| Your goal |
From the top of the entries, reproduce each line exactly, stopping after the line that contains "by a mental". Omit pictures.

____

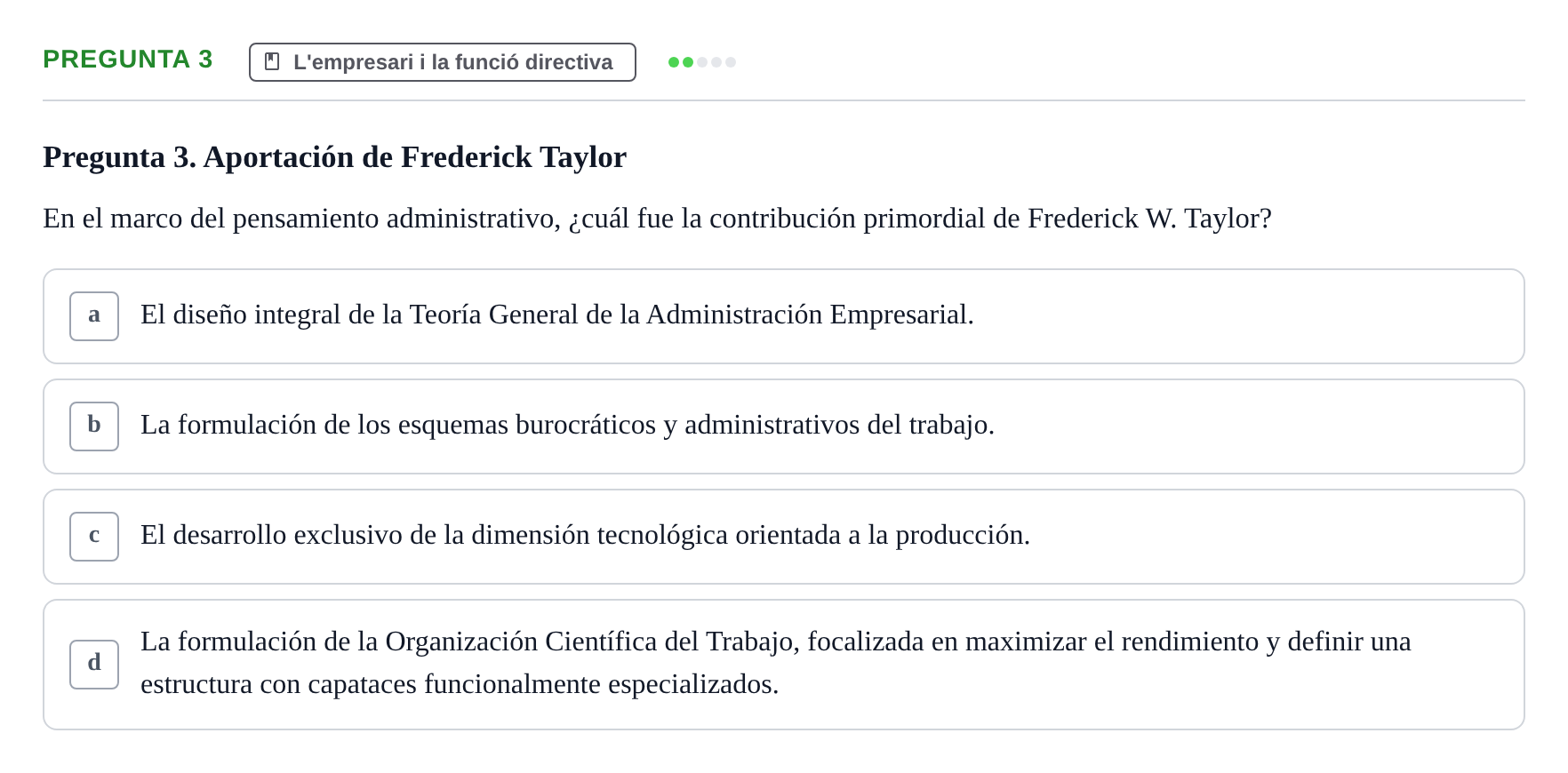 Enunciado: Pregunta 3 · Fundamentos de Gestión de Empresas UDL Examen Parcial de Fundamentos de Gestión de Empresas (Temas 1-5)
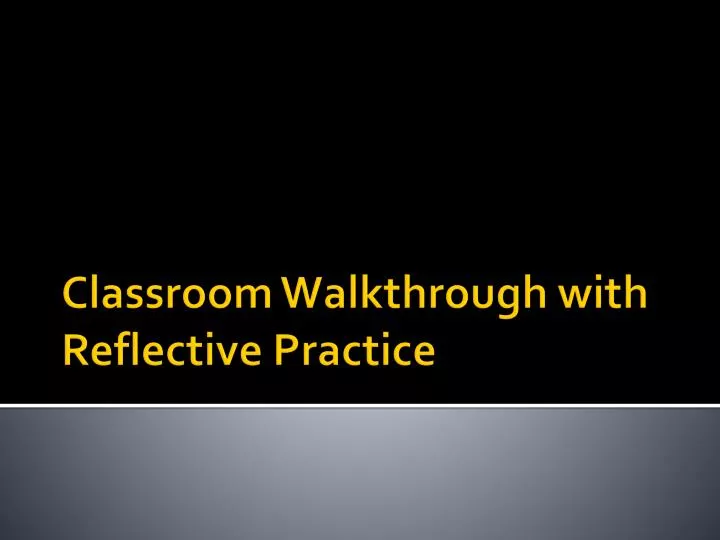 classroom walkthrough with reflective practice
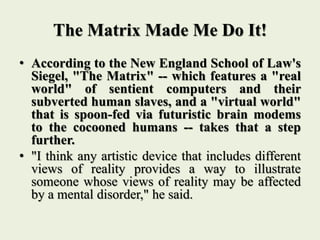 The Matrix Made Me Do It!
• According to the New England School of Law's
Siegel, "The Matrix" -- which features a "real
world" of sentient computers and their
subverted human slaves, and a "virtual world"
that is spoon-fed via futuristic brain modems
to the cocooned humans -- takes that a step
further.
• "I think any artistic device that includes different
views of reality provides a way to illustrate
someone whose views of reality may be affected
by a mental disorder," he said.
 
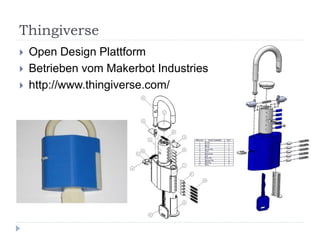 Thingiverse
   Open Design Plattform
   Betrieben vom Makerbot Industries
   http://www.thingiverse.com/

____

| Solution to this task |
 Enunciado: Pregunta 3 · Fundamentos de Gestión de Empresas UDL Examen Parcial de Fundamentos de Gestión de Empresas (Temas 1-5)
 classroom walkthrough with reflective practice
 The Matrix Made Me Do It!
• According to the New England School of Law's
Siegel, "The Matrix" -- which features a "real
world" of sentient computers and their
subverted human slaves, and a "virtual world"
that is spoon-fed via futuristic brain modems
to the cocooned humans -- takes that a step
further.
• "I think any artistic device that includes different
views of reality provides a way to illustrate
someone whose views of reality may be affected
by a mental disorder," he said.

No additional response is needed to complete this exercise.